(Listed entries):
__________________________________________________
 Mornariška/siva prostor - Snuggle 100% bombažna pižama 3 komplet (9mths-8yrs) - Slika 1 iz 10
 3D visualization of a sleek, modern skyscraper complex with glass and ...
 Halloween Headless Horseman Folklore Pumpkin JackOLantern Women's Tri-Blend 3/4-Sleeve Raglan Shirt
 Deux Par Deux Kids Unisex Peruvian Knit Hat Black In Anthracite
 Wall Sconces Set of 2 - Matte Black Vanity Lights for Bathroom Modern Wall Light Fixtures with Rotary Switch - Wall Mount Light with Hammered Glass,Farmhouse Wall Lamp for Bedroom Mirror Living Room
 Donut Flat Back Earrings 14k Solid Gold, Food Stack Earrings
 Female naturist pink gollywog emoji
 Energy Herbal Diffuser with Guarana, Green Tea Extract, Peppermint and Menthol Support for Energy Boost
__________________________________________________
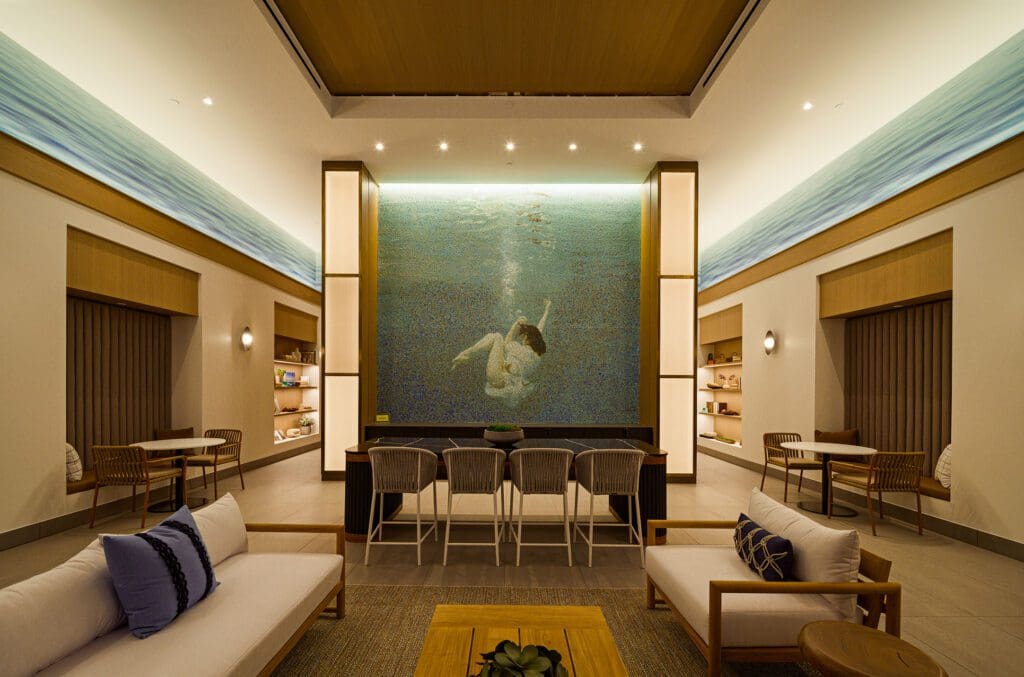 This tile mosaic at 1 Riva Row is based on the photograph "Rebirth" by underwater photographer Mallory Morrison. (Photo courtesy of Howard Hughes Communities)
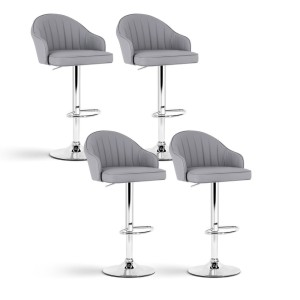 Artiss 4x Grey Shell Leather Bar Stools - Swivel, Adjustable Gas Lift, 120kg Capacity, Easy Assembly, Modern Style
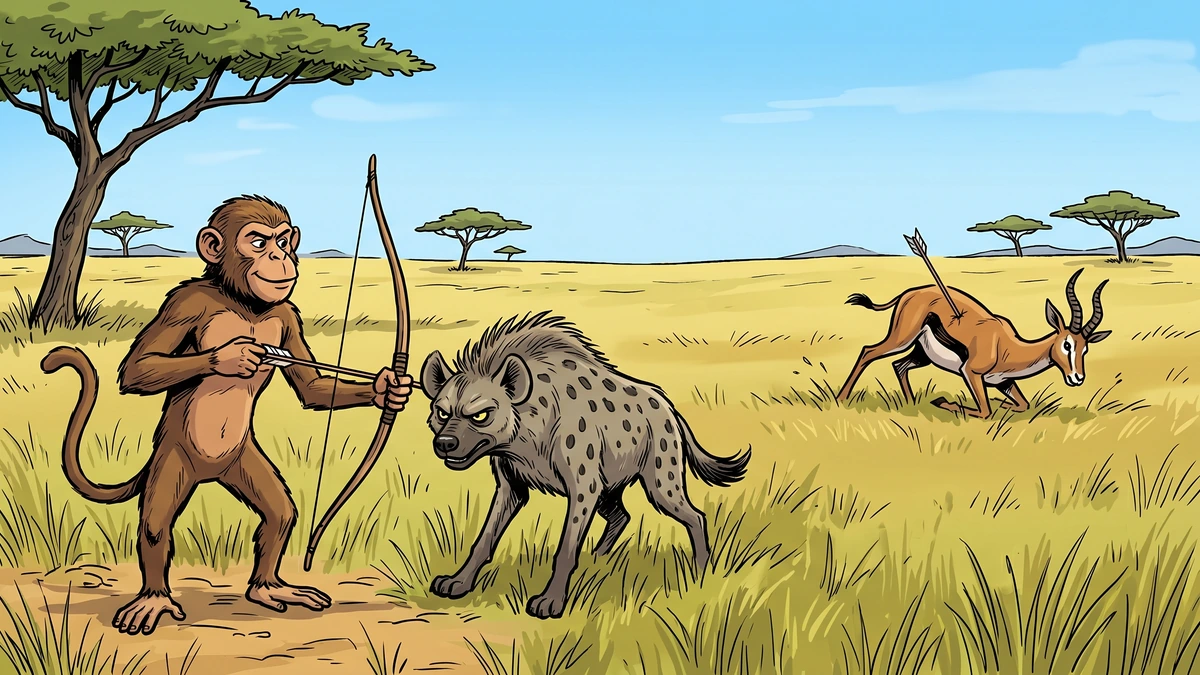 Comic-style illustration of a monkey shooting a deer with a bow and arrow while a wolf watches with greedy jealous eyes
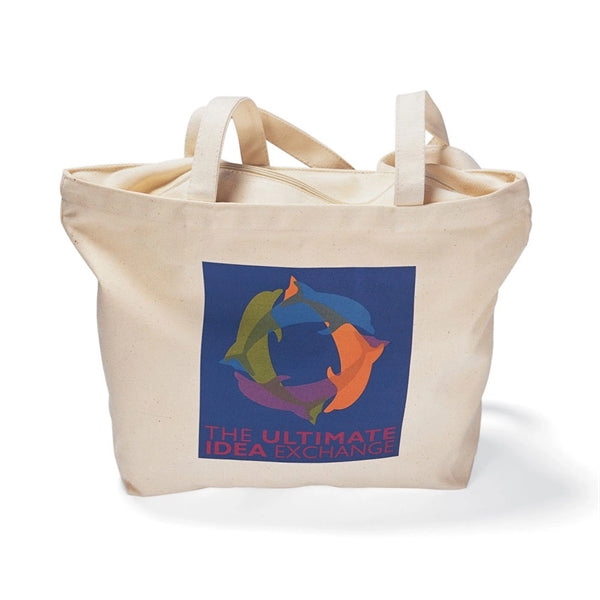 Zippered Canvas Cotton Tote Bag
__________________________________________________
(Task instructions): When you reach the line with "Donut Flat Back" in the records above, start writing out lines exactly, and stop once the line with "Energy Herbal Diffuser" has been written; include nothing else.

(Solved problem):
 Donut Flat Back Earrings 14k Solid Gold, Food Stack Earrings
 Female naturist pink gollywog emoji
 Energy Herbal Diffuser with Guarana, Green Tea Extract, Peppermint and Menthol Support for Energy Boost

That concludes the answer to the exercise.